__What to do__
Make an exact copy of every entry below, with the pictures left out.

--- Input records Enclosed Below ---

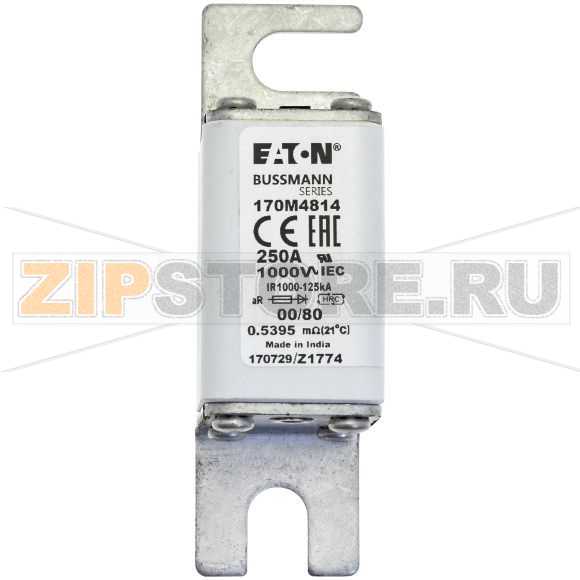 Предохранитель, 250 A, AC 1000 В, 125 кА, 00, aR, DIN, IEC Eaton FUSE 250A 1000V 00/80 AR 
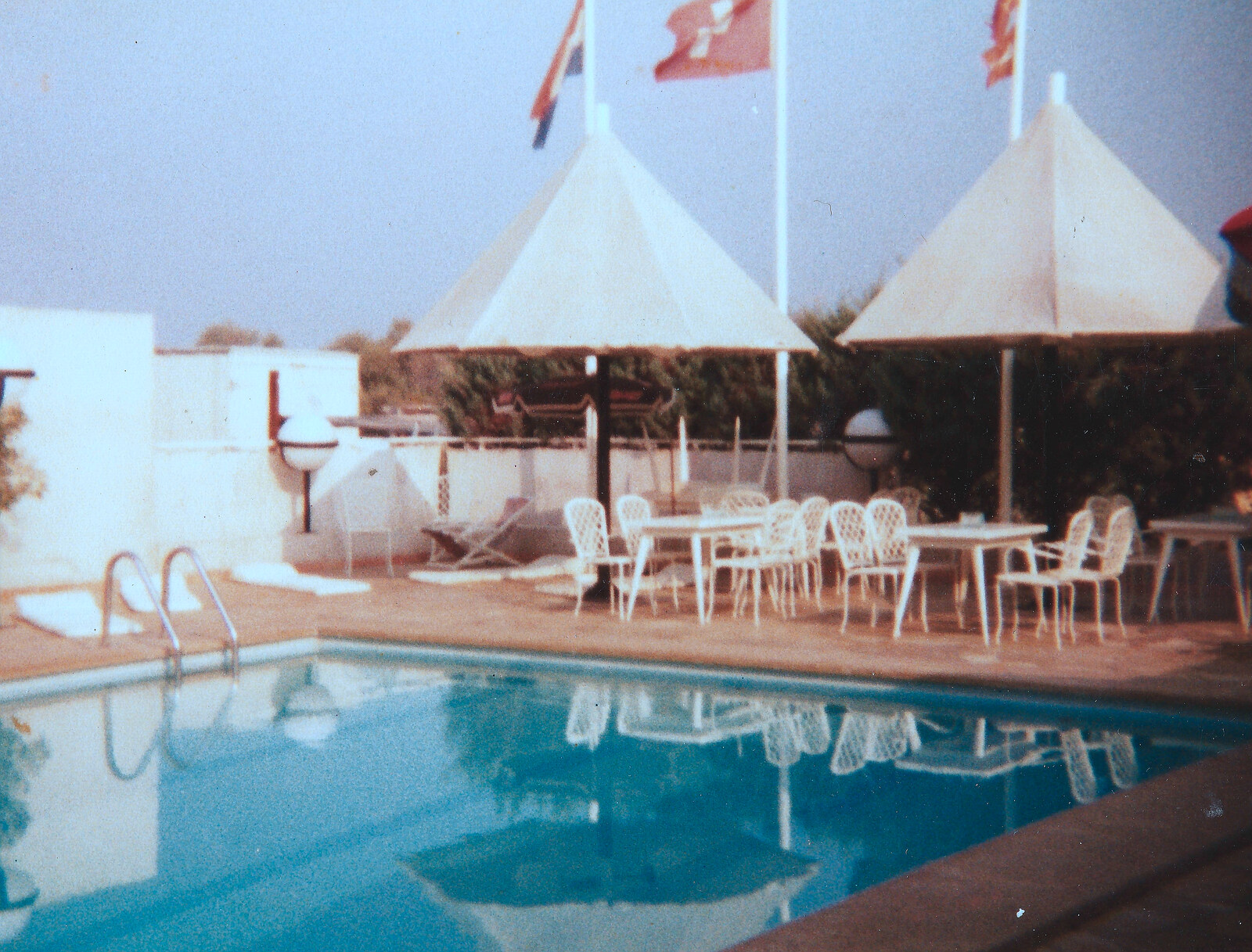 La Marine II's pool and parasols from Camping with Sean, The Camargue, South of France, 15th July 1982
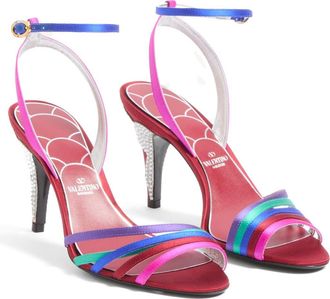 Valentino Garavani Ladycrush Ankle Strap Sandal in Multicolor/silver Shade at Nordstrom, Size 11.5Us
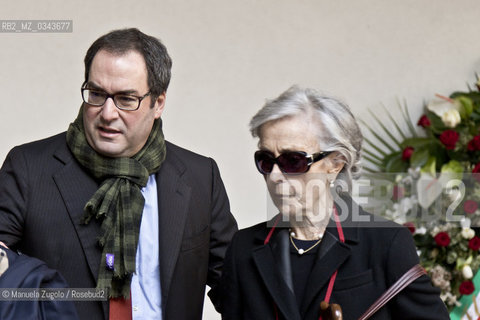 Stefano Eco, al funerale del padre Umberto celebrato al castello sforzesco di Milano con una cerimonia laica / at the funeral of his father Umberto celebrated at the Castello Sforzesco in Milan with a secular ceremony. Only for editorial use / Solo per uso editoriale. ©Manuela Zugolo/Rosebud2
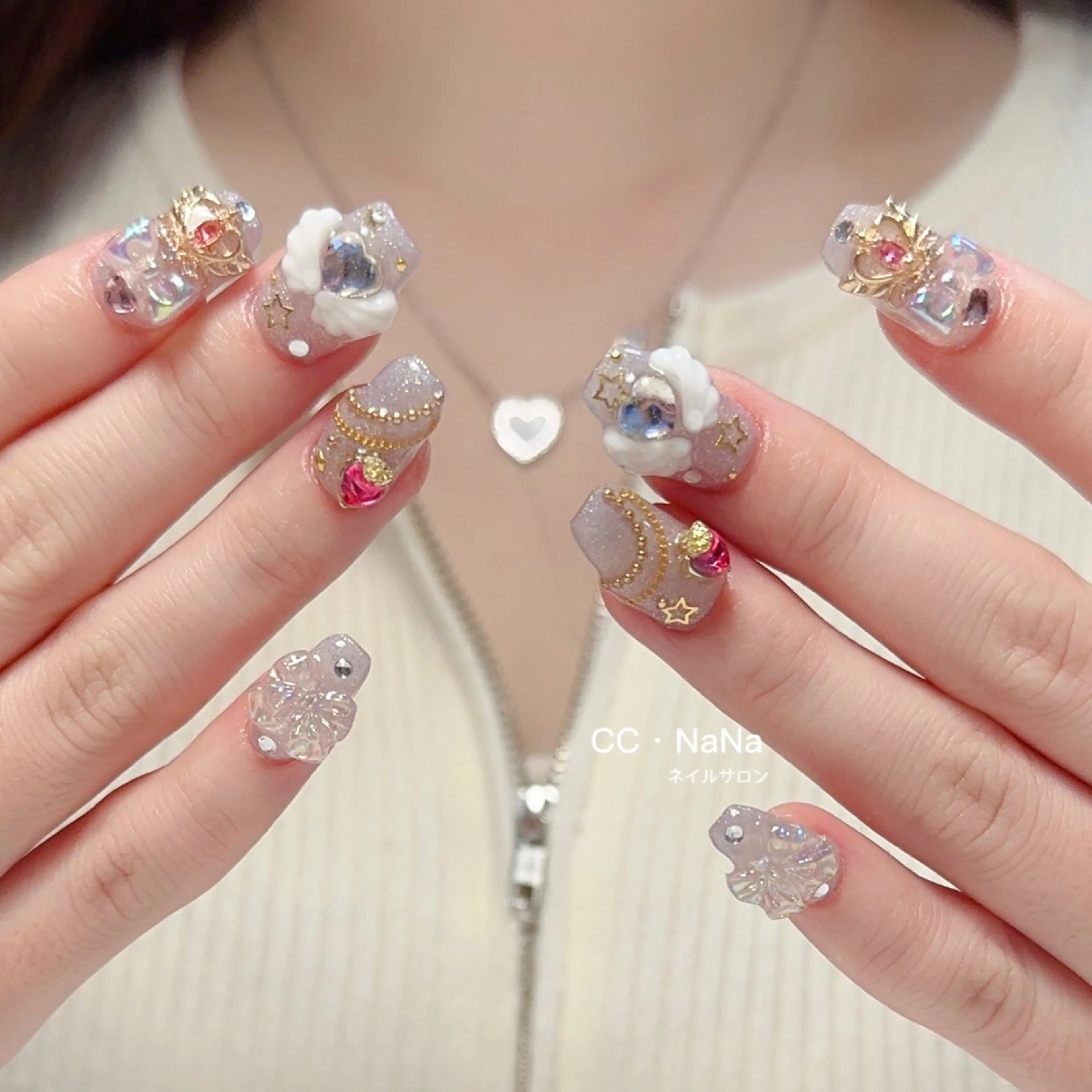 ネイル 持ち込み スカルプネイル ハンドネイル 💎CC・NaNa 韓国風ネイル🌙Cのネイルデザイン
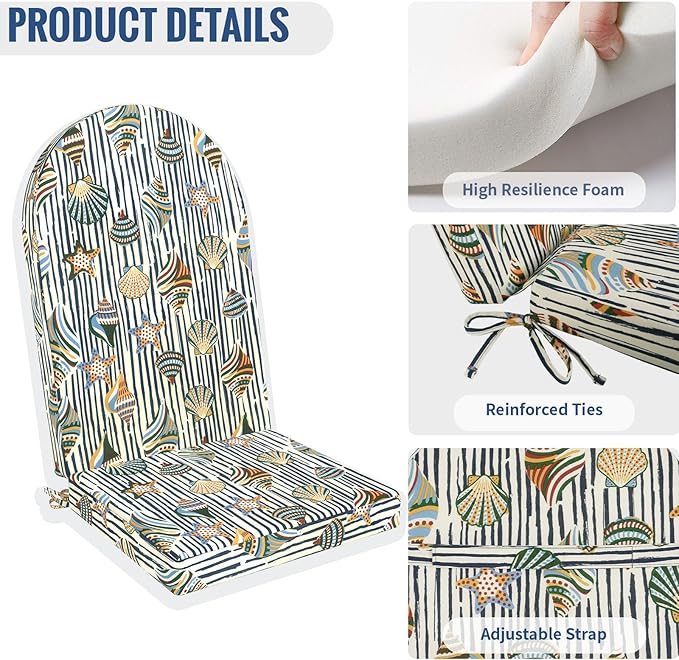 Outdoor Foam Adirondack Cushion, Water Repellent Foam Cushion for Adirondack Chairs Patio Furniture, 44 x 19 Inch, Crayon Shells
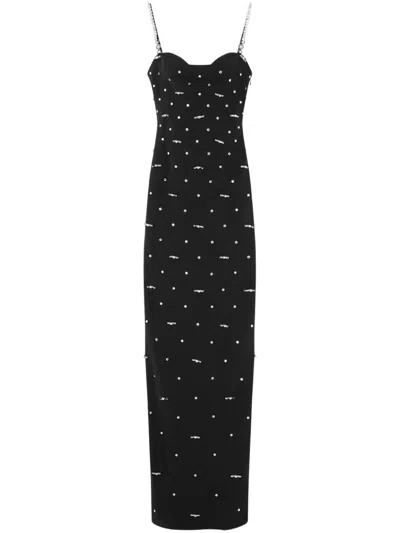 Versace Crystal-embellished Gown In Black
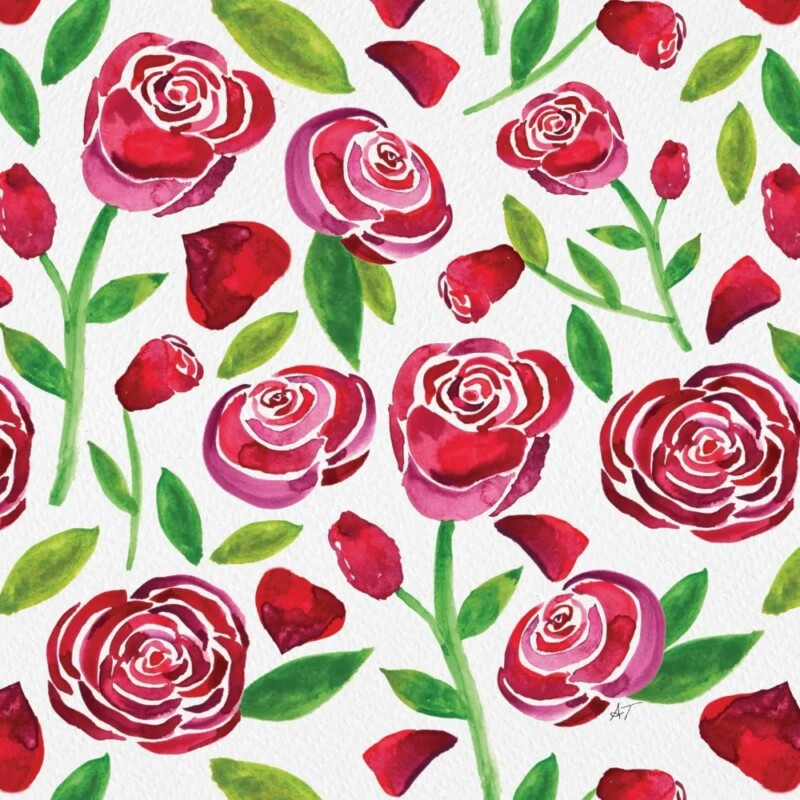 watercolor rose seamless pattern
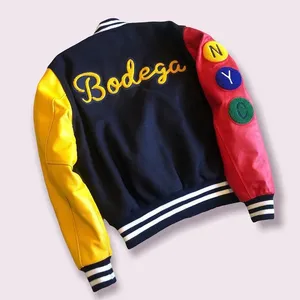 Veste de baseball personnalisée style universitaire en laine/cuir pour homme, respirante, coupe-vent, décontractée, pour l'extérieur, avec doublure polaire - Product Image 3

--- End of Enclosed Input records ---

__Exercise solution__
 Предохранитель, 250 A, AC 1000 В, 125 кА, 00, aR, DIN, IEC Eaton FUSE 250A 1000V 00/80 AR 
 La Marine II's pool and parasols from Camping with Sean, The Camargue, South of France, 15th July 1982
 Valentino Garavani Ladycrush Ankle Strap Sandal in Multicolor/silver Shade at Nordstrom, Size 11.5Us
 Stefano Eco, al funerale del padre Umberto celebrato al castello sforzesco di Milano con una cerimonia laica / at the funeral of his father Umberto celebrated at the Castello Sforzesco in Milan with a secular ceremony. Only for editorial use / Solo per uso editoriale. ©Manuela Zugolo/Rosebud2
 ネイル 持ち込み スカルプネイル ハンドネイル 💎CC・NaNa 韓国風ネイル🌙Cのネイルデザイン
 Outdoor Foam Adirondack Cushion, Water Repellent Foam Cushion for Adirondack Chairs Patio Furniture, 44 x 19 Inch, Crayon Shells
 Versace Crystal-embellished Gown In Black
 watercolor rose seamless pattern
 Veste de baseball personnalisée style universitaire en laine/cuir pour homme, respirante, coupe-vent, décontractée, pour l'extérieur, avec doublure polaire - Product Image 3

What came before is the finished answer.